Last month, at Google’s Pixel 7 launch, Rick Osterloh, SVP of devices and services, referred to Pixel devices as providing “immersive, ambient” experiences. That apparent oxymoron could be reconciled with the position that, in an ambient world, the environment becomes immersive, or atmospheric, rather than the user being immersed.
Building a fully realized world of ambient technology is no less ambitious than creating the metaverse, which raises the question of whether the two technological directions are compatible. Chip vendors have been among the loudest metaverse backers. At its recent executive forum, though, consumer chip device giant MediaTek—the primary silicon vendor for Amazon’s devices as well as for Sony’s PSVR 2 headset—saw both ambient computing and the metaverse as key to its future.

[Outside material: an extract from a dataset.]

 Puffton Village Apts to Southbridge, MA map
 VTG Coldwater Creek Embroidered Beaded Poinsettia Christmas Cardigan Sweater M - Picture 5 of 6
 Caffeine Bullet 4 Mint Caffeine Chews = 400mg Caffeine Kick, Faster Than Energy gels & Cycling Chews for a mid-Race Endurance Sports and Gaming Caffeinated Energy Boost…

At best, their convergence seems far off. Today, VR is about engagement of limited duration for specific tasks. Beyond VR’s killer app of gaming, applications include tourism, collaborative design, and simulations. However, augmented reality could evolve to the point where it blends into our world so well that it becomes part of an ambient environment. In this sense, Google Glass was ahead of the metaverse’s time the way the Ambient Orb was ahead of broadly adopted ambient technology.
In any case, the road to an ambient future is better paved than one to the metaverse. Communities like Meta’s Horizon Worlds and Roblox may offer a preview of life in the metaverse, but mass adoption hinges on development of smart glasses that reconcile the competing demands of affordability, visual quality, style, and battery life. Meanwhile, devices that provide ambient-voice experiences, such as smart speakers, are already popular and affordable, and the technology has been embedded into a range of products wide enough to make a run at ubiquity.

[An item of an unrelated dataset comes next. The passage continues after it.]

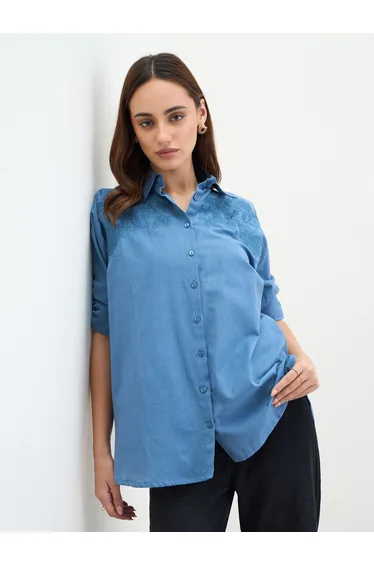 Blue Embroidered Longline Shirt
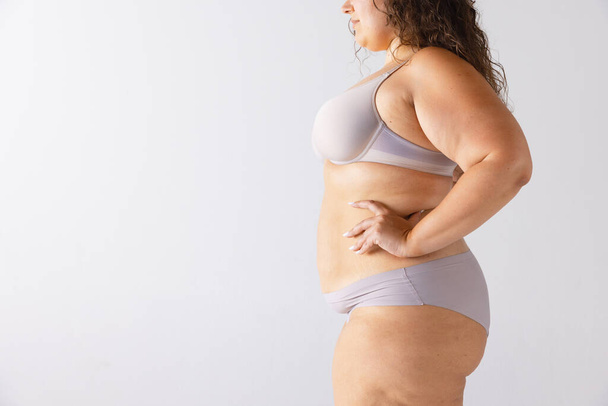 Cropped image of plump, fat female body in underwear isolated over grey studio background. Healthy eating . Concept of beauty, body and skin care, health, plastic surgery, cosmetics, ad - Φωτογραφία, εικόνα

Indeed, Amazon and Meta have invested billions in advancing their visions. Beyond R&D, these investments have included selling devices at a loss or for little profit. As these companies face economic headwinds, many of Amazon’s recent layoffs have come from its Alexa and devices group. In contrast, Meta—a less diversified company that has bet the farm on the metaverse—hasn’t cut deeply into its Reality Labs group developing headsets and related tech. However, there have been reports of some projects being cut and work on its Portal video chat device products has ceased.
From here, ambient technology should evolve organically as sensors, digital intelligence, and networks proliferate—a fittingly gentle ramp for disruptive technology designed to not disrupt.